» Task to complete
Starting at the line containing "Випдомет, 12.5 мг" and ending at the line containing "Браслет Красная нить", transcribe the listing below exactly. Keep both end lines, skip the pictures, and copy nothing else.

» Excerpted records
****

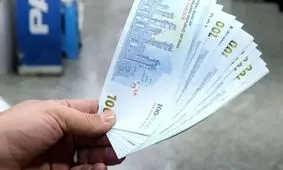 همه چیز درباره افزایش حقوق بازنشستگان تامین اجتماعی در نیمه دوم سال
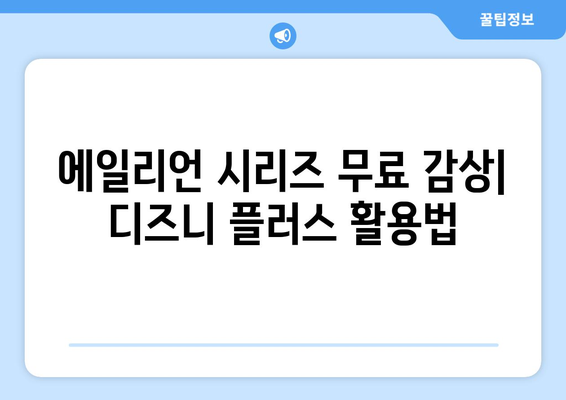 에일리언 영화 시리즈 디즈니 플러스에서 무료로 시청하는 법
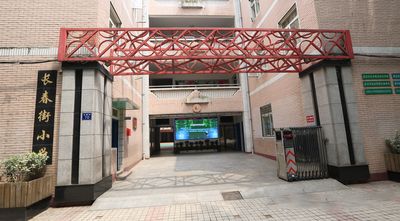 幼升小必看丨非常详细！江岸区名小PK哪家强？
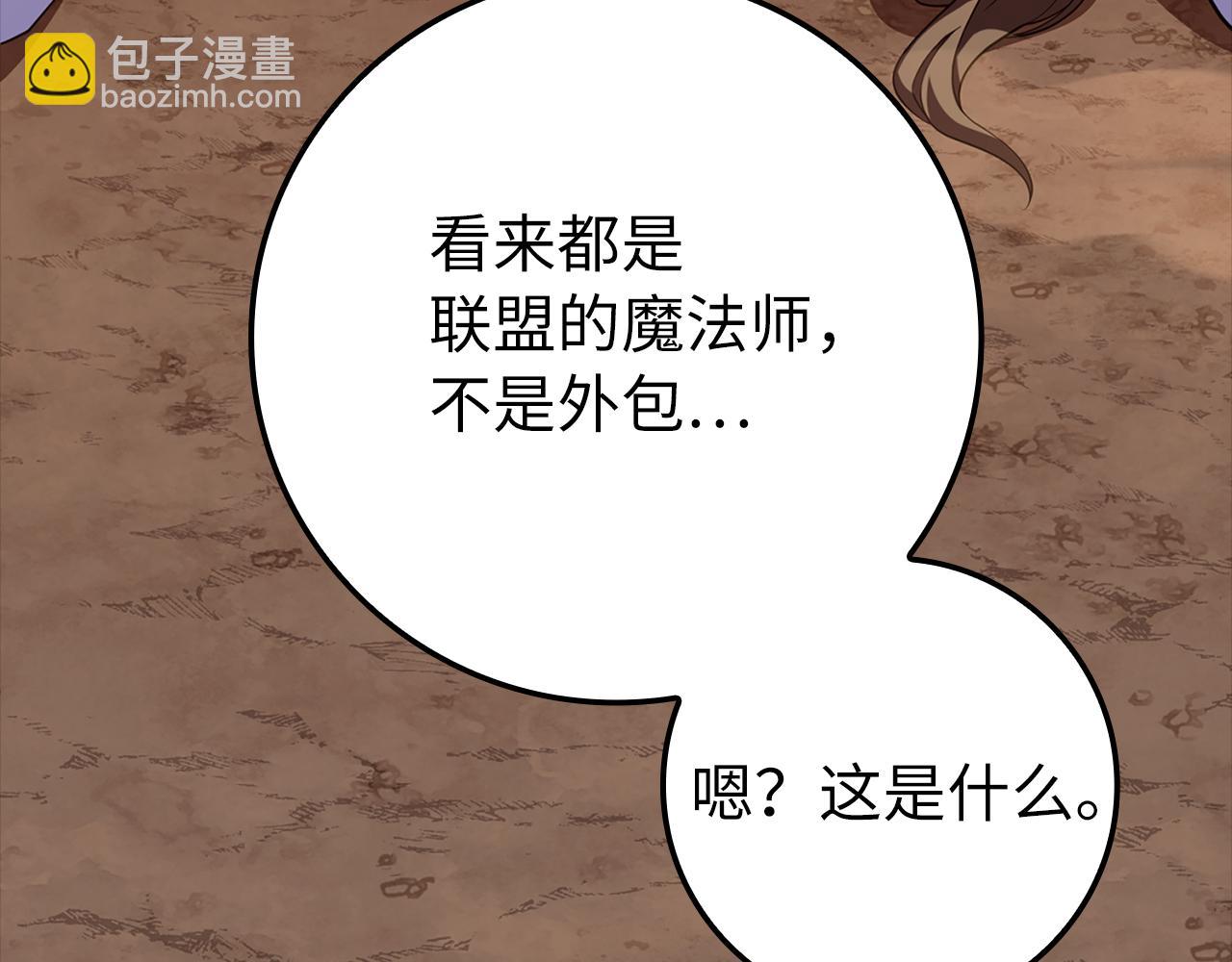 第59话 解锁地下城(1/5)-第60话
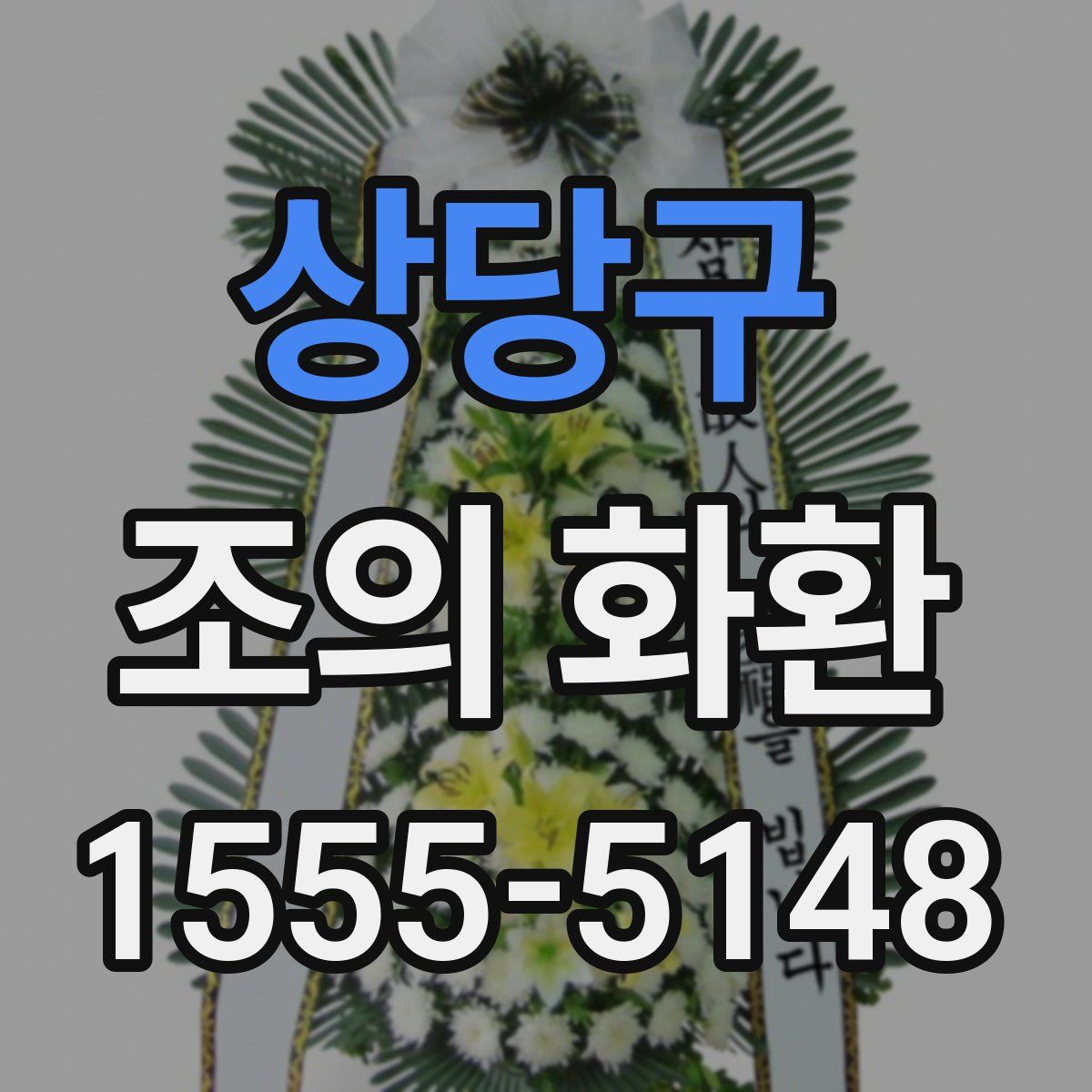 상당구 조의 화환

****

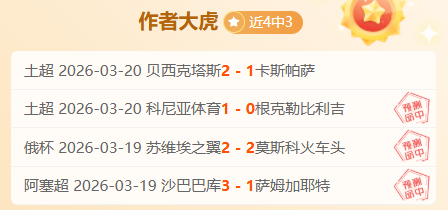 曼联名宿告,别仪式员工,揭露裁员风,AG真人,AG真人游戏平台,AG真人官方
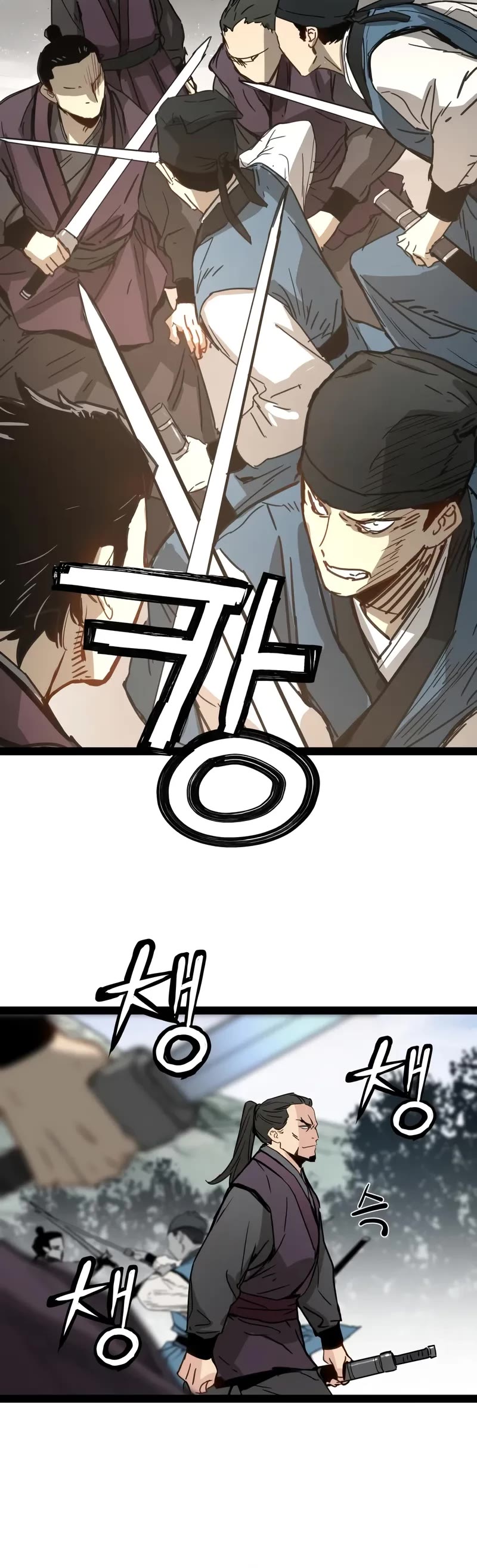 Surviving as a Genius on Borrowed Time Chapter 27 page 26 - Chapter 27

****

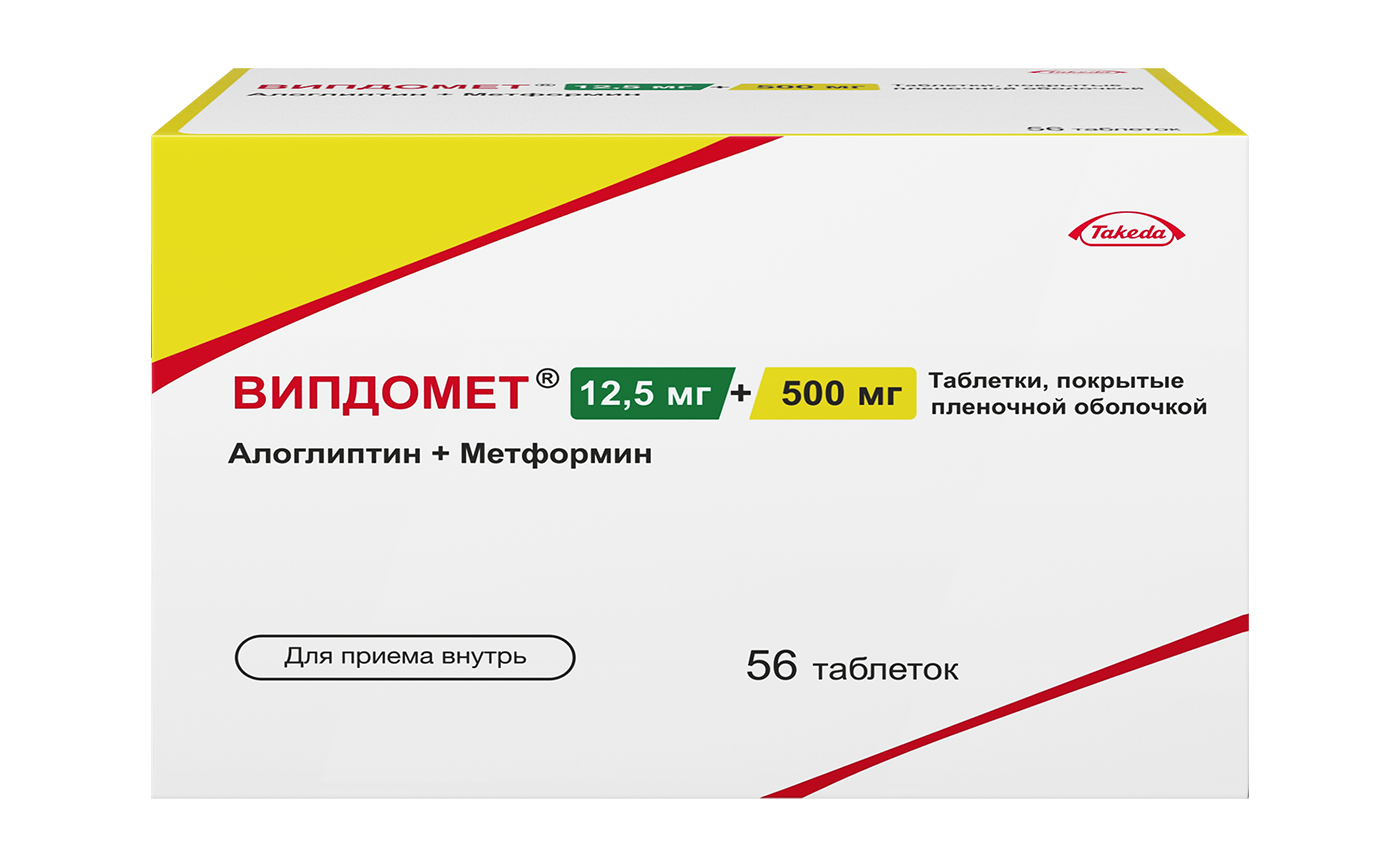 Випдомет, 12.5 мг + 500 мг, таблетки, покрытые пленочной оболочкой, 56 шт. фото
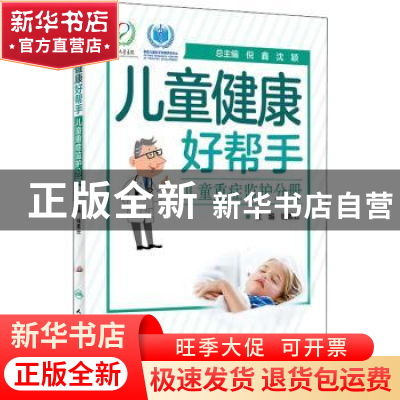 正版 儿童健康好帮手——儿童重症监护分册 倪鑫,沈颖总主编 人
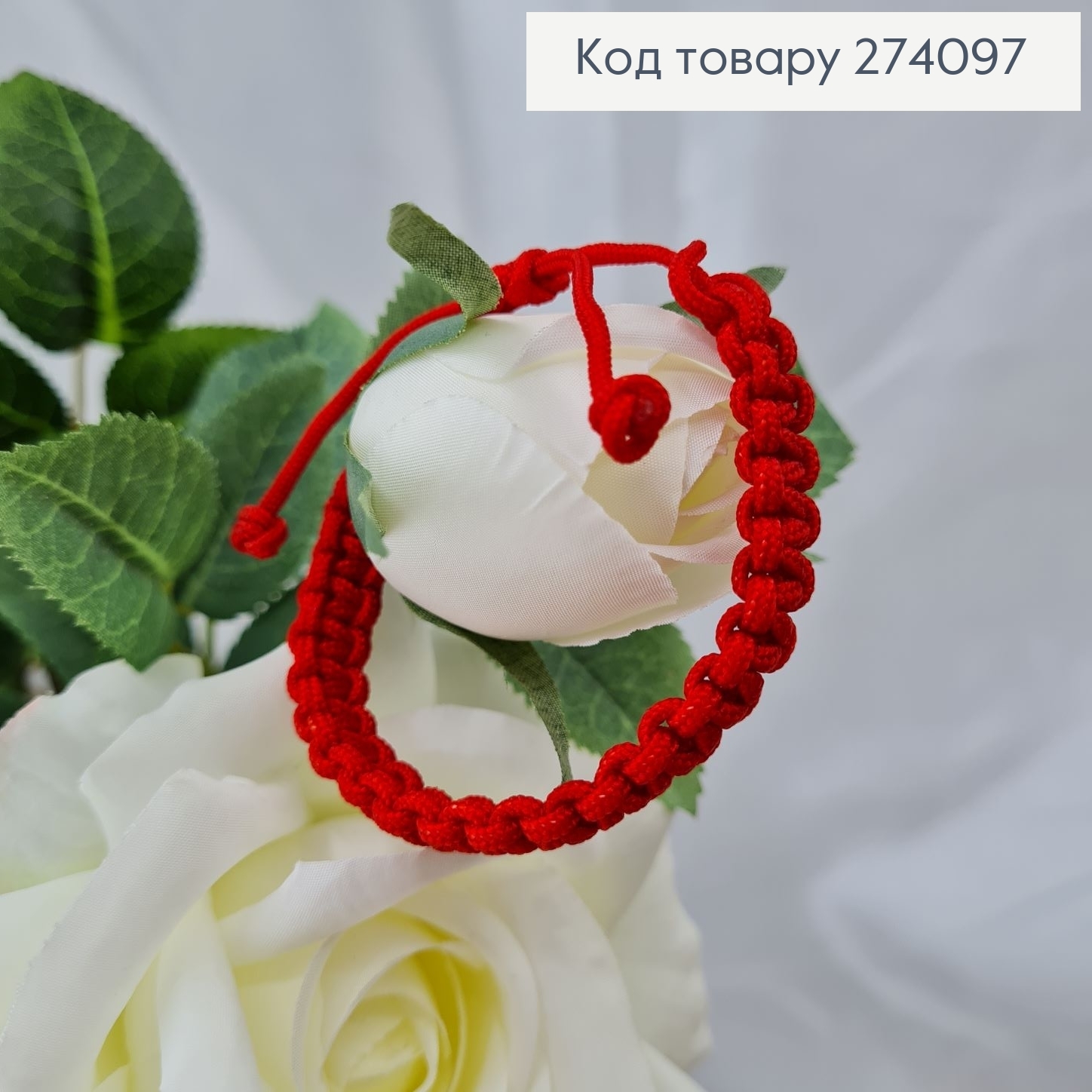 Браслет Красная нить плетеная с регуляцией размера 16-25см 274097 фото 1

****

» Answer section
 Випдомет, 12.5 мг + 500 мг, таблетки, покрытые пленочной оболочкой, 56 шт. фото
 正版 儿童健康好帮手——儿童重症监护分册 倪鑫,沈颖总主编 人
 Браслет Красная нить плетеная с регуляцией размера 16-25см 274097 фото 1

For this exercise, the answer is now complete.